The search for the missing 22 crew members of Stellar Daisy is entering its second week despite reports of little hope for finding any survivors expressed earlier.
A total of eight ships and two aircraft are now participating in the search operations coordinated by Uruguay’s Maritime Rescue Coordination Center (MRCC).
On April 8, one American aircraft and two merchant ships joined the search operations, according to the Uruguayan Navy.
On the same day, merchant ship Anna Maria found two life vests and several thermal suits but no trace of survivors was found.

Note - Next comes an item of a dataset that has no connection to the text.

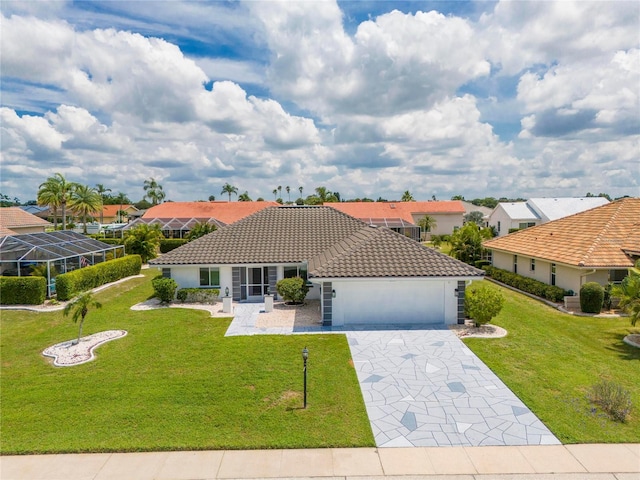 mediterranean / spanish home with a lanai and a front yard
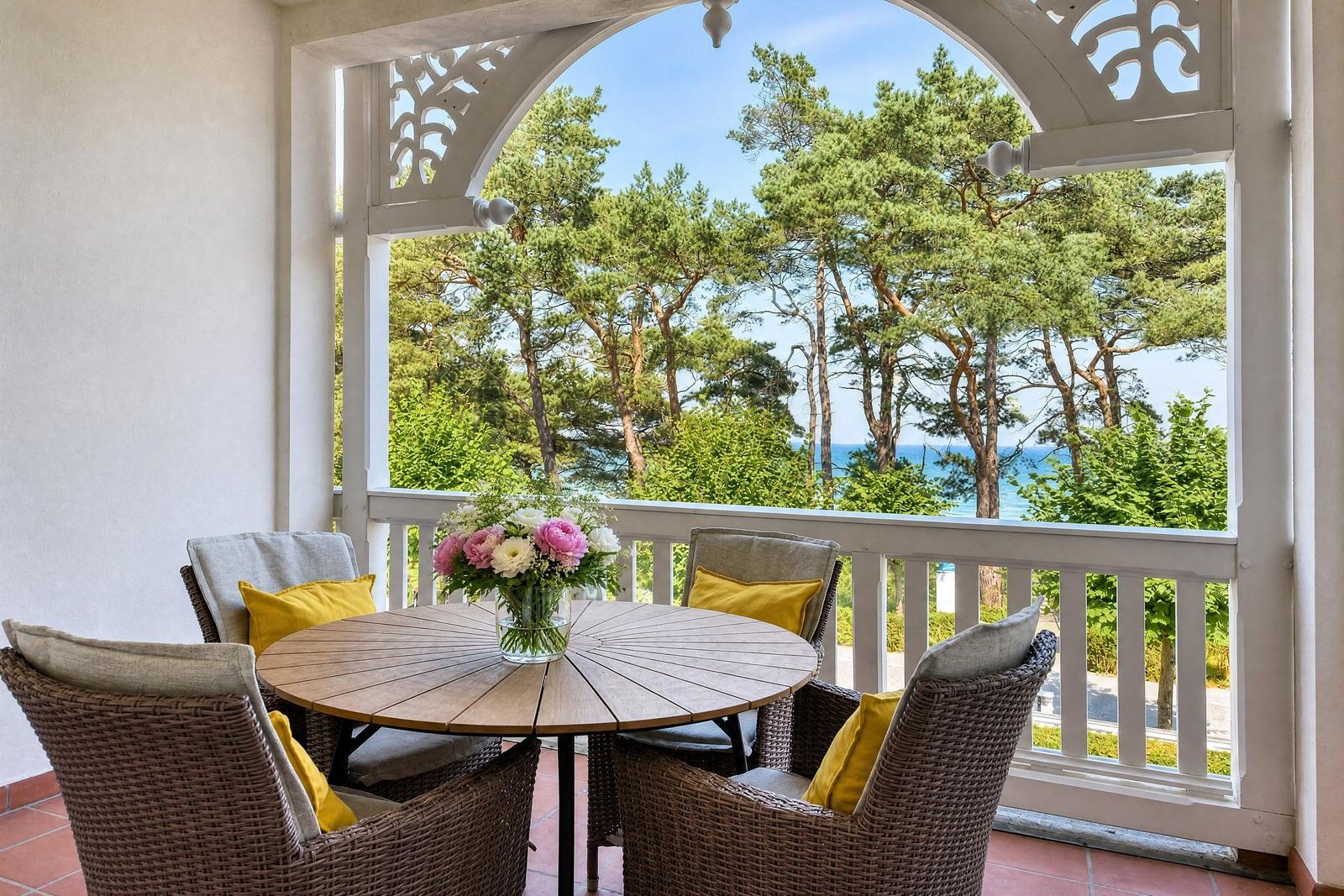 Terrasse mit runden Tisch und Stühlen, Blick auf Bäume und Meer.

Brazilian Air Force and Brazilian and Argentine navies have also deployed their assets to search for the missing ore carrier.
“The owners of the Stellar Daisy are working closely with the Uruguayan MRCC which are coordinating the search and rescue efforts for the crew of their vessel. Polaris Shipping has diverted three of its own vessels to the area to assist the search and rescue efforts,” Polaris Shipping, Stellar Daisy’s owner, said in a separate statement.
The 266,100 dwt vessel went missing on March 31 and is believed to have sunk some 1,700 miles east of the Port of Montevideo, Uruguay. The ship was sailing from the Port of Guaiba, Brazil, to China, carrying 260,003 million tons of iron ore.
The 1993-built Stellar Daisy was carrying eight South Korean and sixteen Filipino sailors. Two of the sailors were rescued on April 2.
Gaston Jaunsolo, Spokesman for the Uruguay Navy, was cited earlier as saying that the ship is believed to have split in two and sank soon after. Media reports indicated that shifting of the cargo might have been the cause of the hull crack that led to the ship’s capsizing.
Polaris Shipping said it is investigating the cause of the accident in cooperation with the Marshall Islands Registry. In addition, the company and its P&I club have appointed experts to examine all factors that may have caused the ship’s sinking.